*Exercise*:
The lines needed run from the one that contains "Aircraft Photo of" through the end of the material below, both included; write them out exactly, with no pictures.
══ Data provided
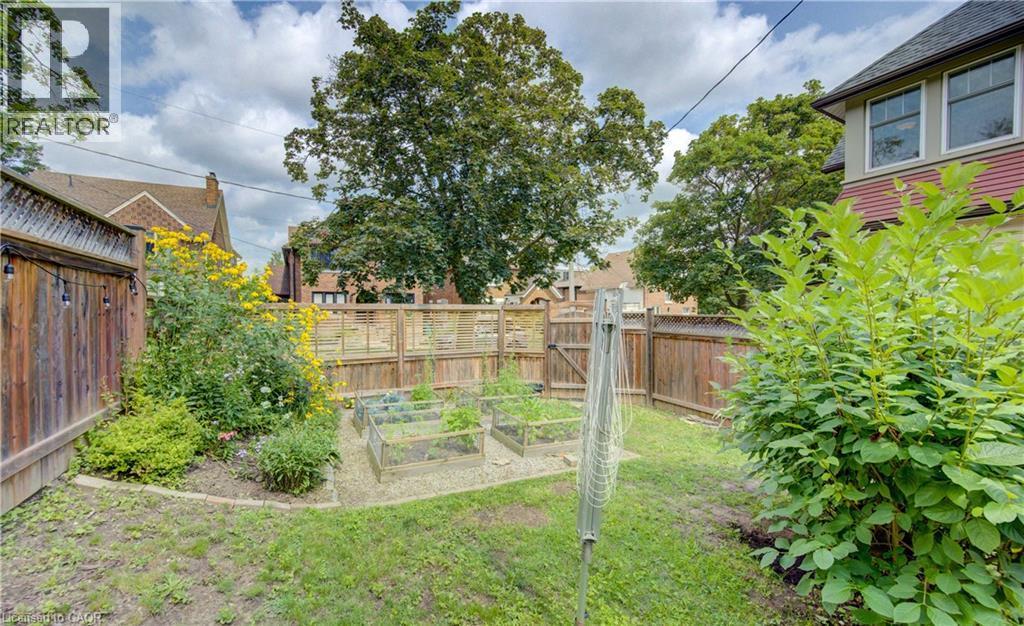 150 Union Boulevard, Kitchener, ON - Outdoor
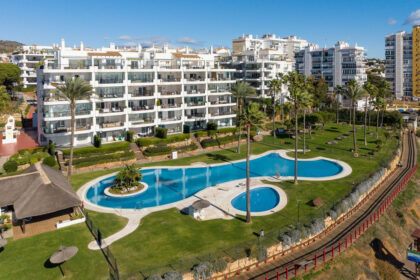 03f09efc76b1e4ba8fec291f12631082 - 50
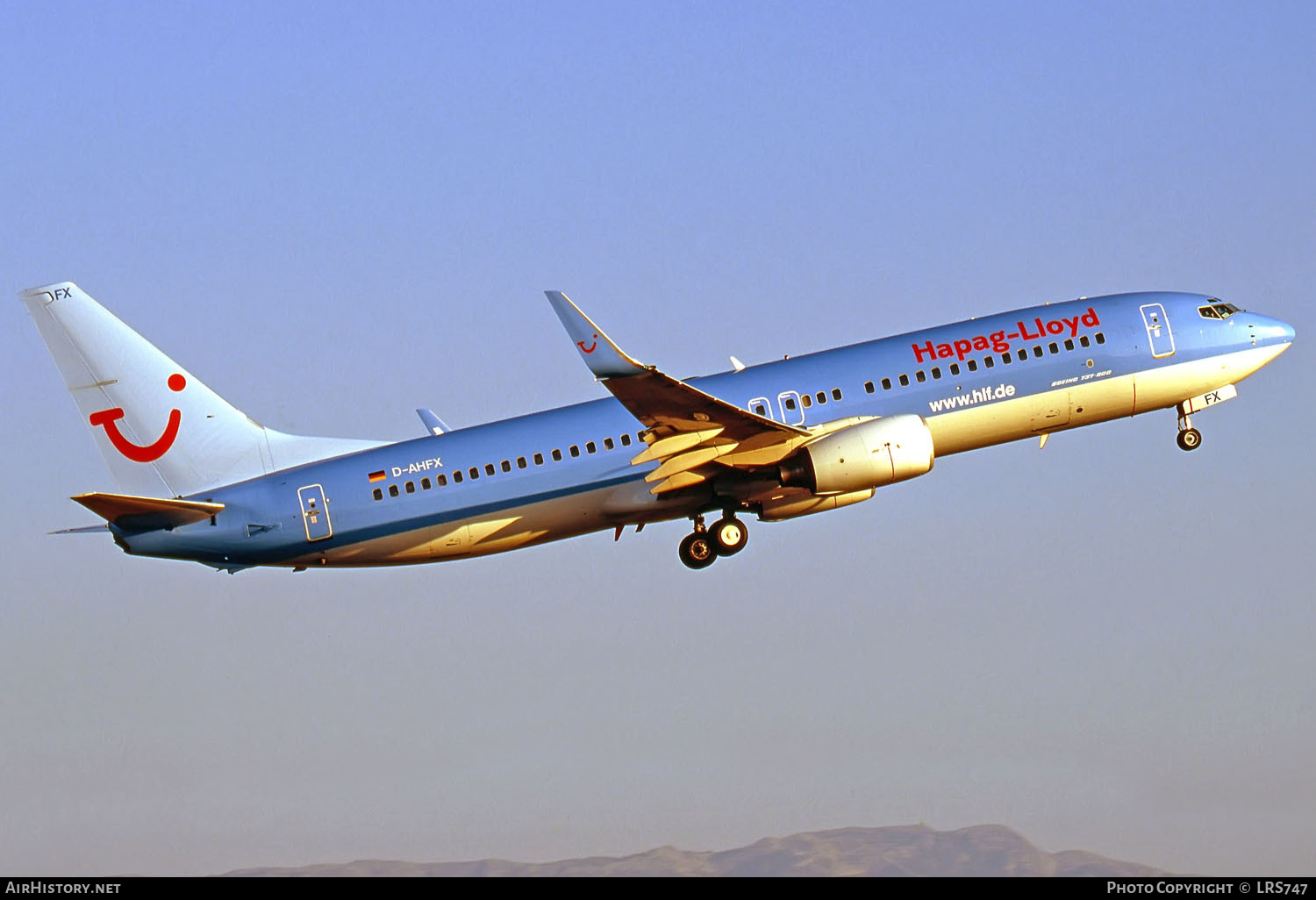 Aircraft Photo of D-AHFX | Boeing 737-8K5 | Hapag-Lloyd | AirHistory.net #286804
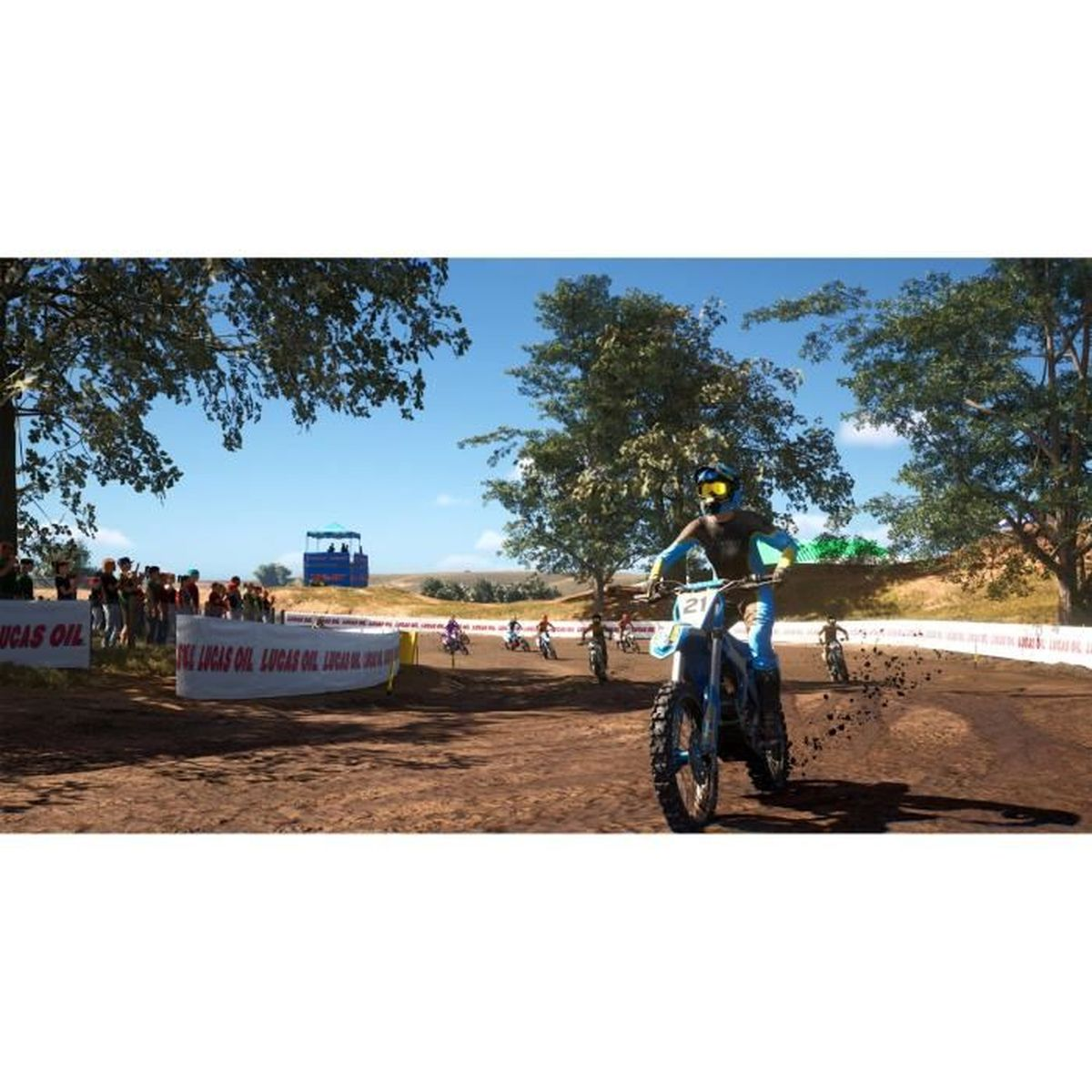 Pilota di motocross su pista sterrata con spettatori sul lato.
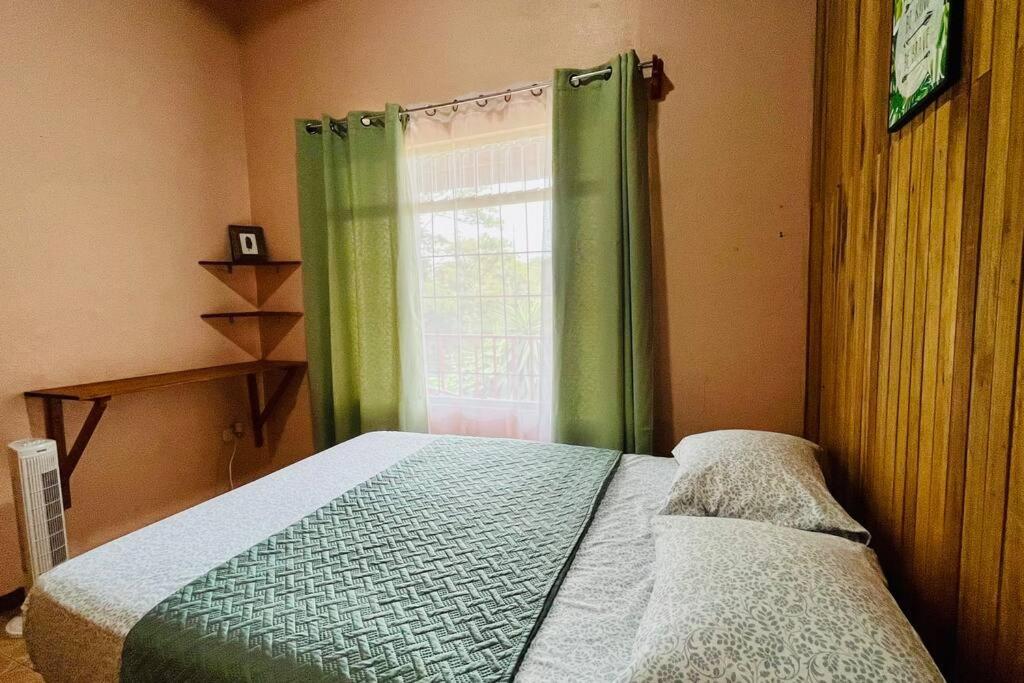 Beautiful Casa Aire near Lake Arenal in Nuevo Arenal - Casas Airelibre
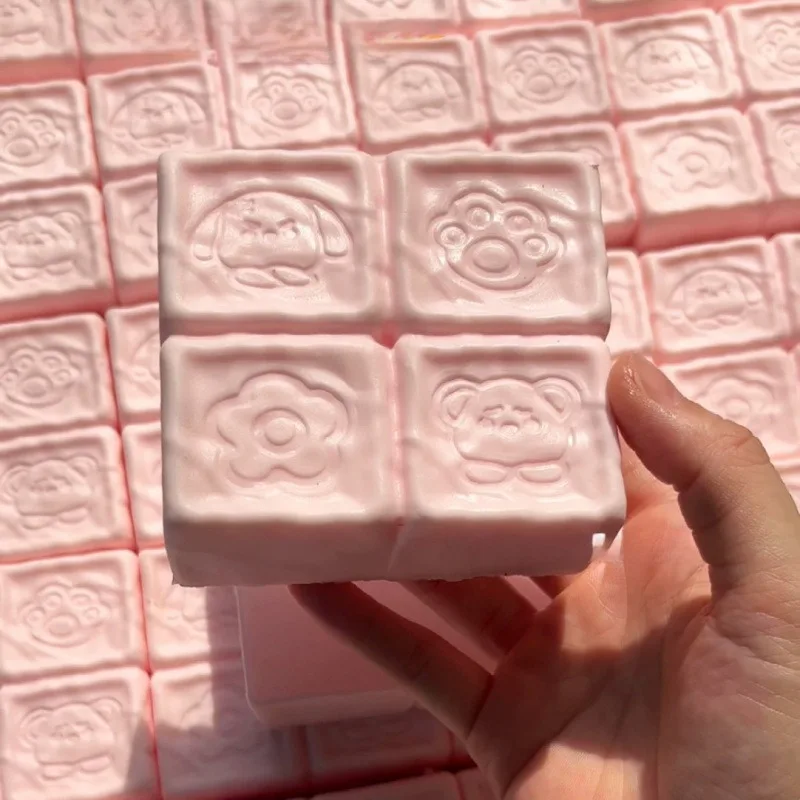 Strawberry Milk Cubes Slowly Rise, Super Soft Stress Relieving Sensory Toys, Children's Adult Gifts, Creative and Interesting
════
*Answer box*:
 Aircraft Photo of D-AHFX | Boeing 737-8K5 | Hapag-Lloyd | AirHistory.net #286804
 Pilota di motocross su pista sterrata con spettatori sul lato.
 Beautiful Casa Aire near Lake Arenal in Nuevo Arenal - Casas Airelibre
 Strawberry Milk Cubes Slowly Rise, Super Soft Stress Relieving Sensory Toys, Children's Adult Gifts, Creative and Interesting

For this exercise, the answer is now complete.